Could you spend one weekend without your phone? Few people could, because our time on our phones has been increasing significantly every year since the smart phone was invented in 2007. Technology has made our lives better in many ways, but in the same breath it has taken a toll on our relationships, our mental well-being, and our time. Usually, we will not make changes that could benefit our lives unless we realize the negative impact our bad habits have on us.
Are you ready to take an honest assessment of your tech habits so you can instead spend time you might have wasted mindlessly scrolling online to investing in authentic physical relationships?
First, you have to understand you’re not alone. Here are some crazy statistics on just how invasive these small devices have been on our lives.
- The average internet user spends 2.25 hours a day on social media platforms.
- We check phones around 150 times a day, and few of us can’t go longer than 10 minutes without checking our phones, whether we’ve received a notification or not.
- American adults spend more than 10-hours per day watching, reading, listening to or simply interacting with media, according to a new study by market-research group Nielsen.
- Only half of us can admit to making a meaningful connection with a real life person on any given day.
- Studies show most people actually spend double-the-time on technology then what they think they do.
- Tech addiction is NOT an accident, there are thousands of programmers whose sole purpose is to keep us addicted.
That last point listed was a shock to me when I first found this out.

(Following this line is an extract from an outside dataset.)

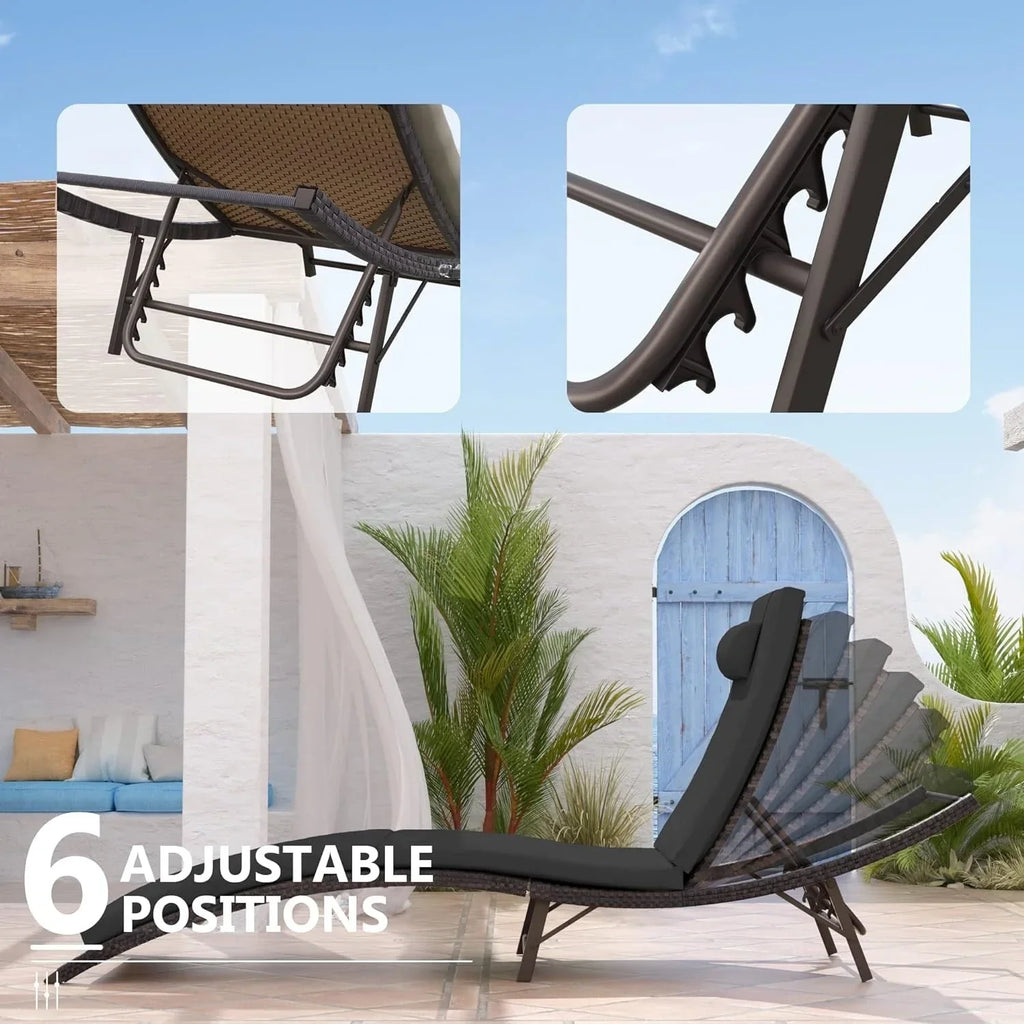 Kullavik 3-teiliges Outdoor-Lounge-Set mit Liegestühlen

Our addiction is being fed and reinforced by app programmers and social media engineers. It’s no wonder we’re spending so much time on our devices. The more time we spend online, the more money they make, and our attention is the product being sold. On top of that, this next generation is growing up embracing an unhealthy relationship with technology that has been ingrained in them since childhood — and they view it as perfectly normal.
However, our overdependence on technology is neither healthy nor normal.
The people I speak with during our technology-free experiences come to our events with a desire to break away from their cell phone co-dependence. But usually, it’s only after they discover the value of re-connecting with others, with nature, and, ultimately, with themselves that they understand how enslaved by their devices they’d become. When they leave our weekend experiences, they are committed to establishing a balanced, healthier relationship with technology in their lives. We equip them with practical ways to use technology as a tool, rather than as a replacement for life’s meaningful connections that they’ve unintentionally been sacrificing.
The question now is, what steps can you take to forge a healthier relationship with tech?
The first step is to candidly assess your relationship with your devices. For a week, monitor how many times you reach for your phone and engage with its screen. There are apps for this, but it’s more effective when you monitor your usage manually, in a journal, because you can see your progress and growth over time. You’ll probably be shocked by what you find, many people have been.
Now that you have a baseline, work on ways to cut down on your screen time. This can be done any number of ways, but here are a few tips.
- Place your phone across the room and turn off notifications. This way it takes a real effort to check your phone
- Don’t sleep in the same room as your phone and limit screen time before going to sleep. Ultimately, you want to avoid exposure to any screens that produce a sleep disrupting blue glare, at least an hour before you call it a night.
- Challenge yourself to have longer periods of time without checking your phone. Eventually we encourage people to work this up to a full weekend without their phone, in order to be fully present to the world around them.
- In the meantime, you can start practicing digital minimalism and ramp up your people skills. Make “coffee dates” to see friends, face-to-face to catch up.
- Bring nature back into your life, by taking walks, hikes or simply finding a quiet spot to spend a few moments in contemplation.
- Consider joining a group of like-minded people, who would prefer engaging in person rather than staring at a cold, sterile, electronic device.
- Embrace JOMO — the joy of missing out — on all the noise and distractions that are online in order to begin experiencing a world where you contribute and grow.